Kilwon Cho has made various seminal contributions to the field of organic electronics by developing a “controlled self-assembly method”, by which meso-scale and molecular scale ordering of organic semiconductors can be controlled to increase their charge-transport properties. In particular, he has developed two key technologies: 1) a method to control the surface-directed self-assembly of organic semiconductors; and 2) a method to fabricate large size organic semiconductor single-crystals by solution-phase self-assembly.

The discovery and development of conducting polymers opened a new field of organic electronics, including organic light emitting diodes (OLEDs) and organic photovoltaics. Nowadays, OLED technology is widely used in cell phones and TVs in everyday life.
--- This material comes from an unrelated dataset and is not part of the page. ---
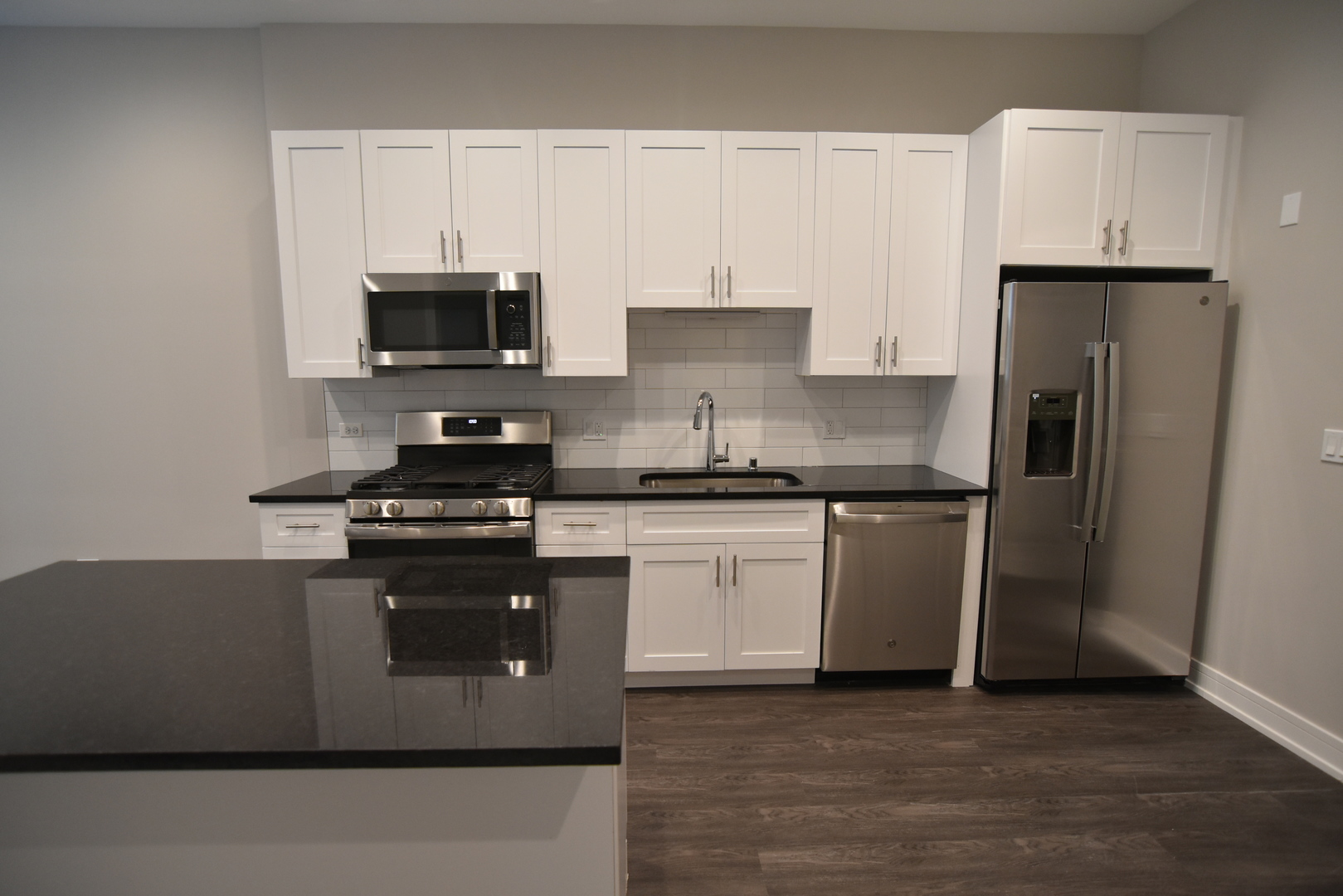 1730 West Greenleaf Avenue, Unit 102 Chicago, IL 60626 - Photo 2 of 15 a kitchen with stainless steel appliances granite countertop a stove a refrigerator and a sink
Besides the aforementioned technologies, advanced soft organic electronic devices, such as foldable mobile phones and skin attachable health monitoring systems, improve the quality of life for the general public. The ultimate goal of Kilwon Cho’s research is to find his research in everyday applications. While not being there quite yet, so far his ground-breaking research has made many important contributions to science, bringing electronic applications a major step closer!

As Prof. Kilwon Cho says: “Organic electronic devices will alternate many rigid electronic devices in the future, making a deep plunge into everyday human life.” Any advice for the next generation scientist? “Yes, think and do things differently.”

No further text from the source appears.